War not going quite as plannedgreenspun.com : LUSENET : Grassroots Information Coordination Center (GICC) : One Thread
War Not Going Quite As Planned
By Jim Lobe, Article Dated 10/22/2001
WASHINGTON, (IPS) - Two weeks into Washington's military campaign in Afghanistan, President George W. Bush's ''war'' against terrorism does not appear to be going as well as planned. While U.S. and British leaders are trying to project an air of determination and confidence, concern about the lack of progress on a range of fronts is growing both here and in Europe, where a rising chorus of relief agencies is calling for a quick end to the bombing.
It did not help that U.S. warplanes have missed or mistaken targets, in one case devastating a village located near a former training camp; in another, destroying a Red Cross supply depot whose roof was marked with a large red cross.
Militarily, the Taliban movement is proving to be harder to crack than expected; diplomatically, efforts to forge a post-Taliban coalition also have been frustrated by the contradictory demands of different factions and external powers.
''While there's still hope the Taliban will fall apart over the next few days, they seem to be hanging on better than we expected,'' said one official here. ''And the longer they hang on, the more difficult it is to get the job done.''
Additionally, already-overworked U.S. diplomats are scrambling to deal with sharply rising tensions between nuclear-armed Pakistan and India - where New Delhi this week moved warplanes closer to their border - and between the Palestinian Authority and Israel - where a far-right government minister was assassinated Wednesday.
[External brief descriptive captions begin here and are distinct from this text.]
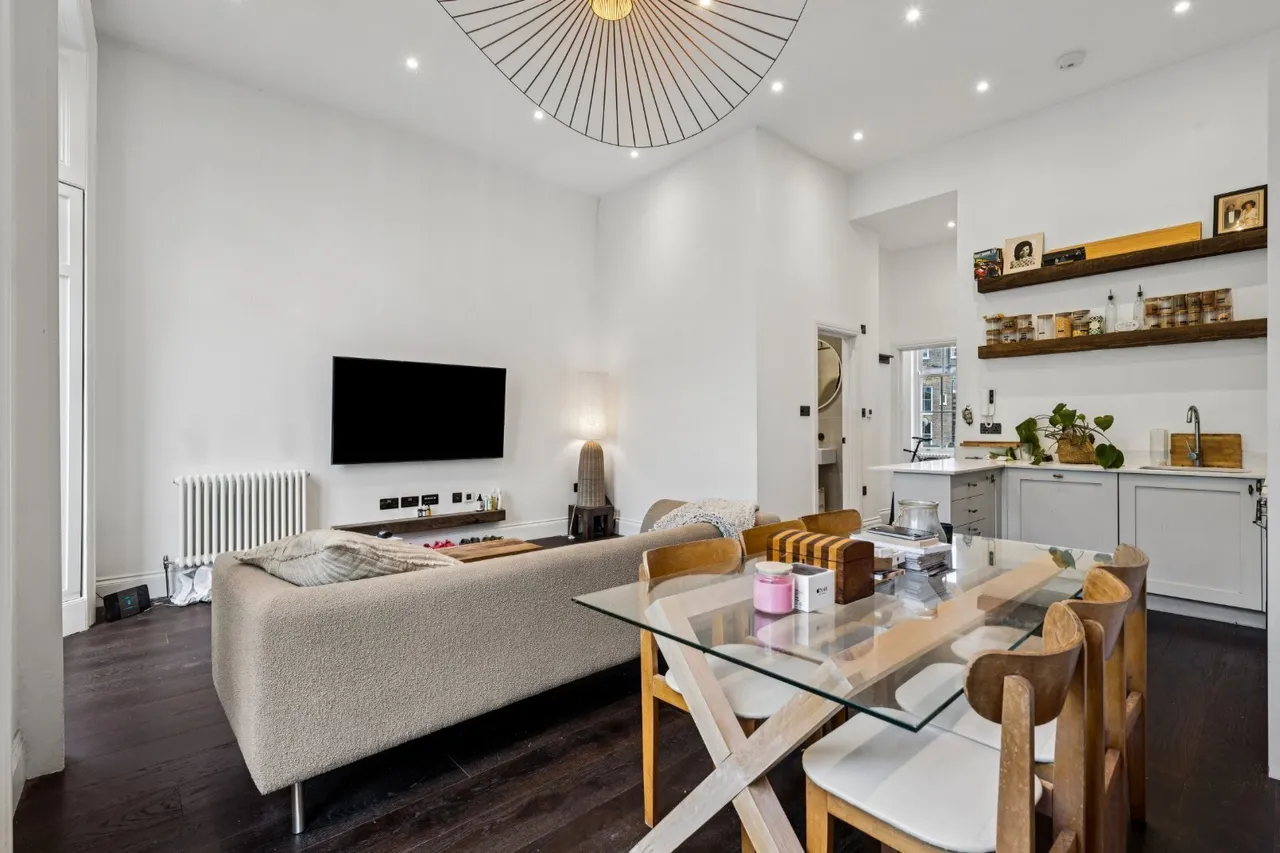 Durham Terrace, Notting Hill, W2, photo 10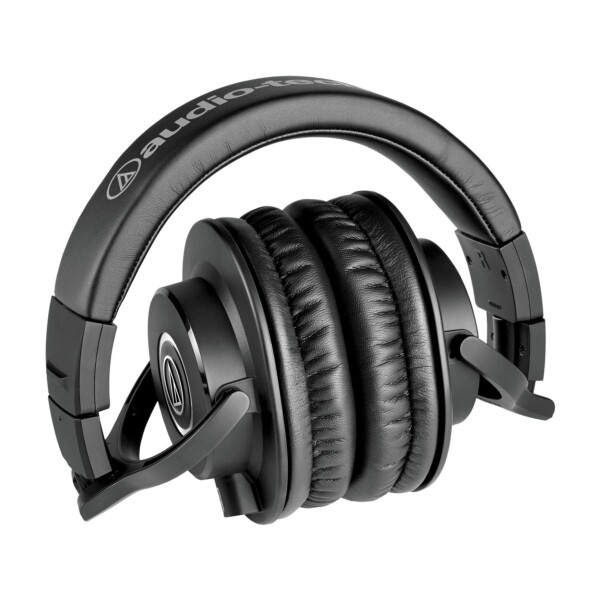 Навушники без мікрофону Audio-Technica ATH-M40X фото 3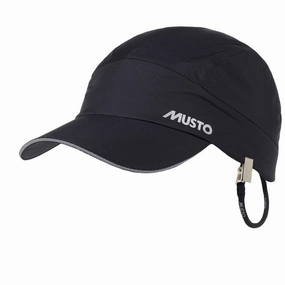 Todays Hot Pick Shop Grab Now Musto Performance Waterproof Cap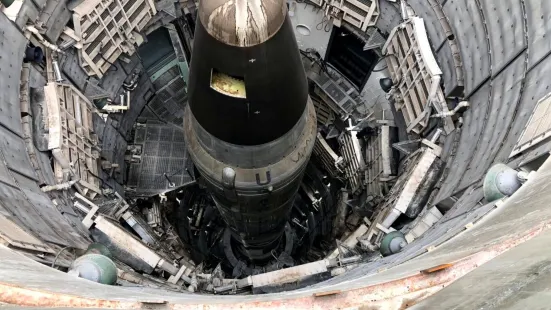 Titan Missile Museum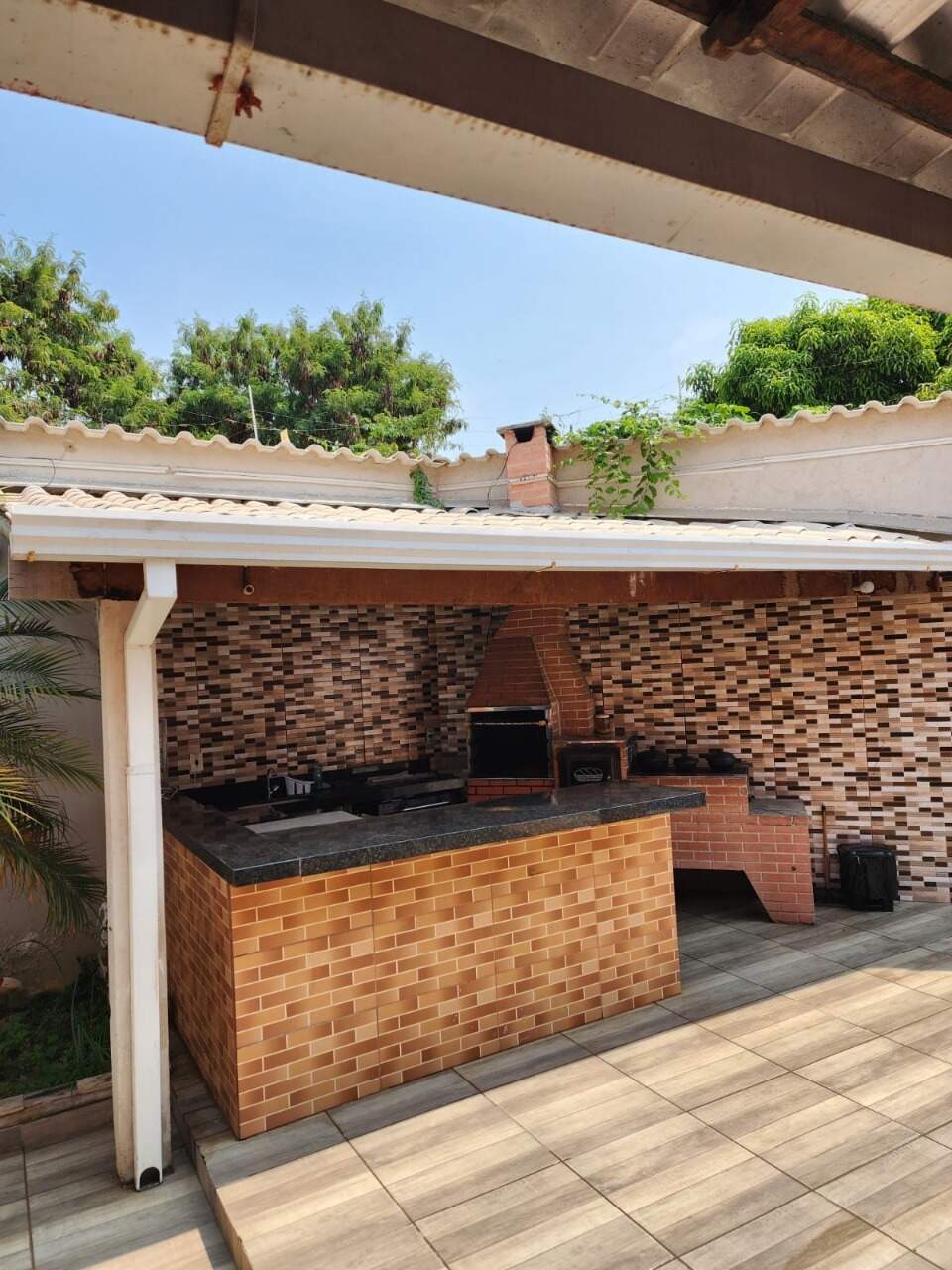 Casa, 2 quartos, 300 m² - Foto 2
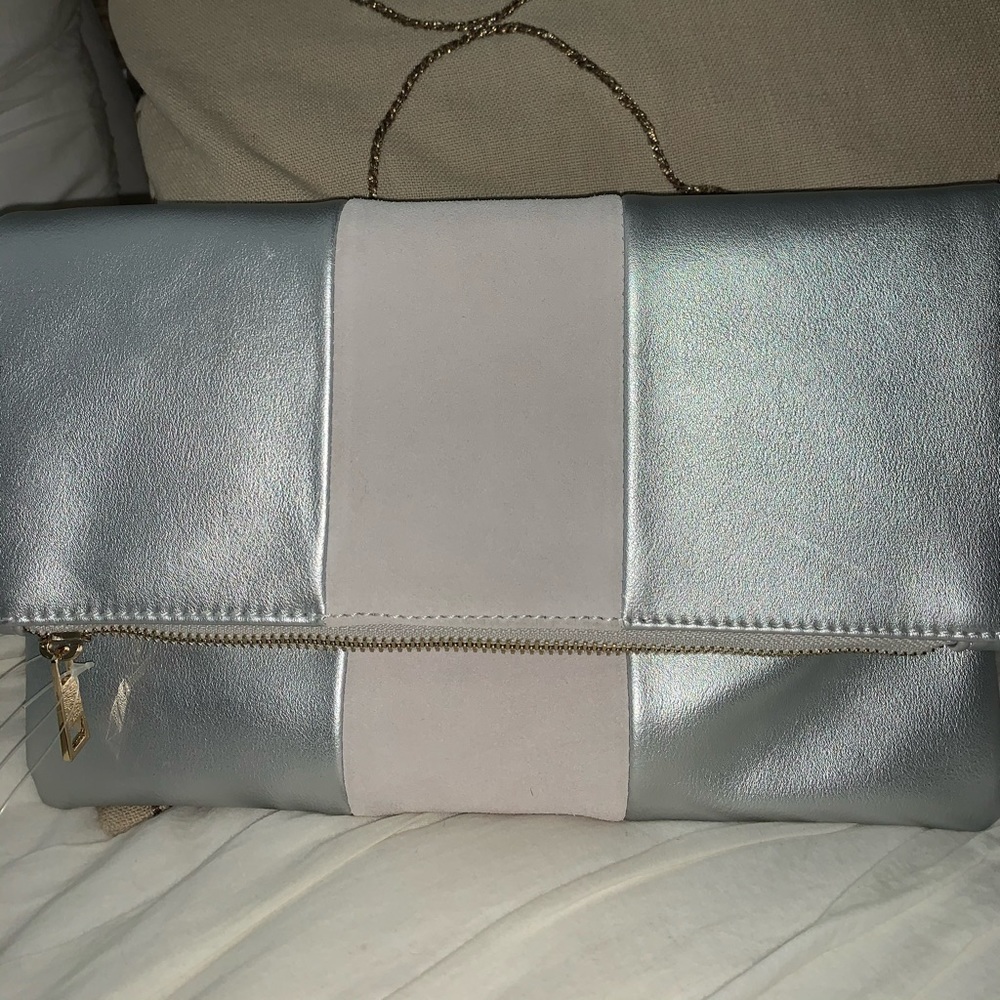 Nordstrom BP Clutch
Armed conflict in South Asia or a dramatic escalation of Israeli- Palestinian violence will almost certainly inflame anti-Western sentiment throughout the Islamic world at the precise moment when the Bush administration is trying to convince Muslims that his war is being waged against terrorism, not Islam. ''We really have more crises than we can deal with at the moment,'' said a Congressional aide. ''People in the State Department feel like a fire brigade.''
The military front has been particularly disappointing. Washington had clearly hoped that the first week of its bombing campaign would prove so devastating to the Taliban's infrastructure and morale that the regime would suffer large-scale defections, leading to its effective collapse by the end of the month. Earlier this week, top Pentagon officials, encouraged by the desertion of about 3,000 Taliban troops in the north, insisted that the bombing had indeed ''eviscerated'' the Taliban's combat capacity.
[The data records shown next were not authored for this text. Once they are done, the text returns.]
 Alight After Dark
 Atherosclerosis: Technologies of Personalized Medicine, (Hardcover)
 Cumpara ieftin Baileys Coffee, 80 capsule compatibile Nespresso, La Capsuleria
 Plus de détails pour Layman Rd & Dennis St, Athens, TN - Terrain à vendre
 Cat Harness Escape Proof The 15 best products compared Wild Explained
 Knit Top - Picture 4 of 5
But in a clear setback Wednesday, Taliban forces successfully repulsed advancing Northern Alliance rebels around Mazar-i-Sharif. The strategic northern city is considered critical to Washington's game plan. Mazar-i-Sharif's capture essentially would evict the Taliban from all but Kabul in the northern part of the country and open the way westward to Herat. Pentagon planners also wanted to use its airport - so far spared U.S. bombing - as a staging base for ground forces, many of which are currently deployed just across the border in Uzbekistan. Even rebel commanders admit that it may take weeks before they can gather sufficient strength to the take the city. The delay compounds an already difficult political situation.
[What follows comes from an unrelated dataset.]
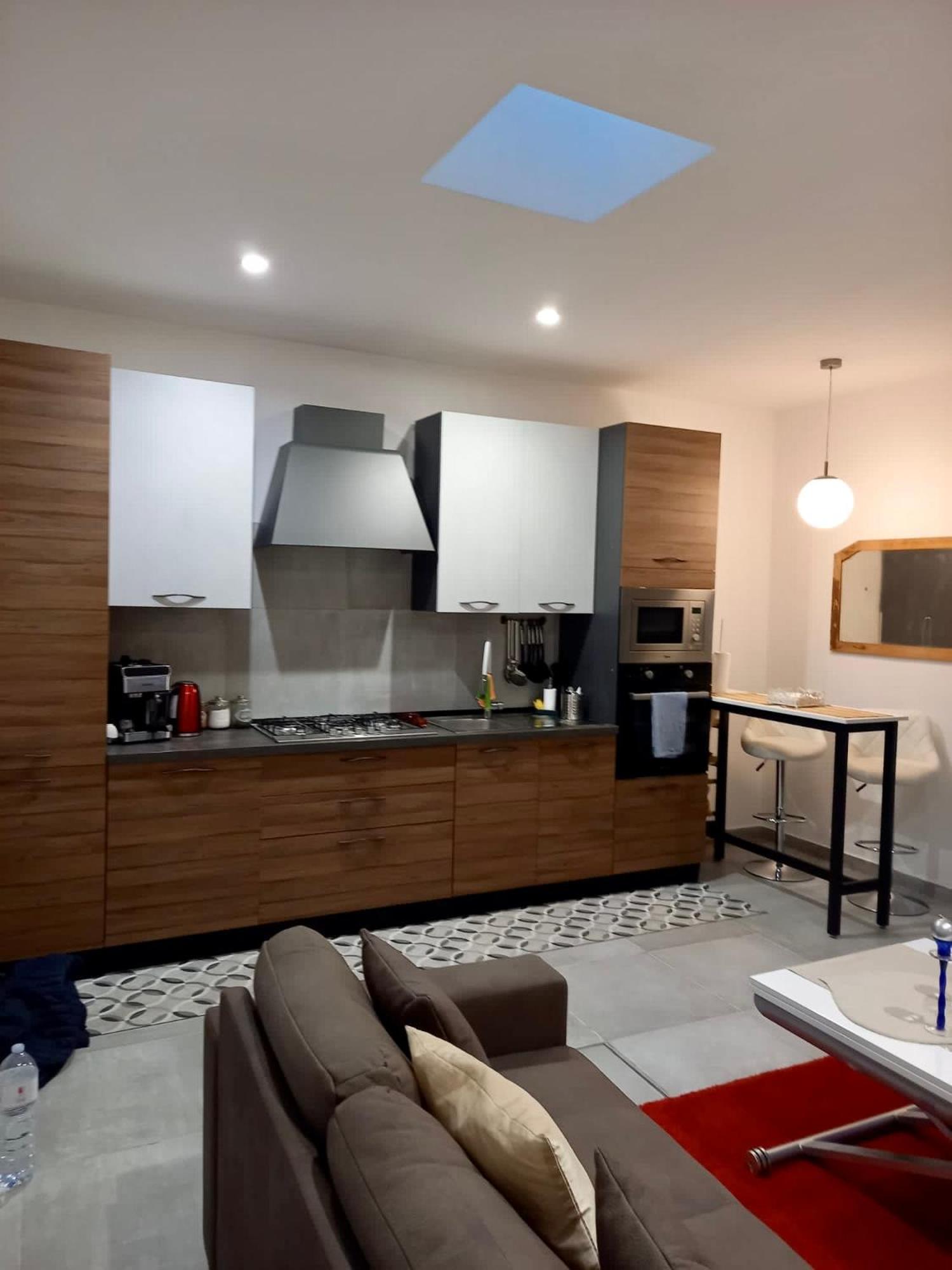 Two-Bedroom House photo 3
Washington had hoped, by now, to have the makings of a post- Taliban governing coalition in place. Such a coalition would be convened under a loya jirga, or traditional tribal council, convened under the authority of the exiled king, Zahir Shah. It would consist primarily of the ethnic factions that make up the Northern Alliance and anti-Taliban Pashtuns, many of whose leaders live in western Pakistan. Pashtuns account for some 40 percent of Afghanistan's population and constitute the Taliban's ethnic base. Because ethnic enmities run so deep, U.S. policymakers wanted to ensure that the Northern Alliance - consisting of Tajik, Uzbek, and Hazara forces - did not storm the capital before a broader coalition was in place. That is why, to the growing frustration of Alliance commanders, U.S. warplanes have not yet unleashed their power against Taliban defenses just 60 kilometres north of Kabul. The same commanders are even more frustrated in the wake of Secretary of State Colin Powell's visit this week with Pakistani President Pervez Musharaff, who insisted that ''moderate'' Taliban leaders be given a prominent role in any post-Taliban government as a guarantor of Pashtun and Pakistani interests. Powell's apparent agreement to this demand adds new complications to the quest for a workable coalition that could replace the Taliban.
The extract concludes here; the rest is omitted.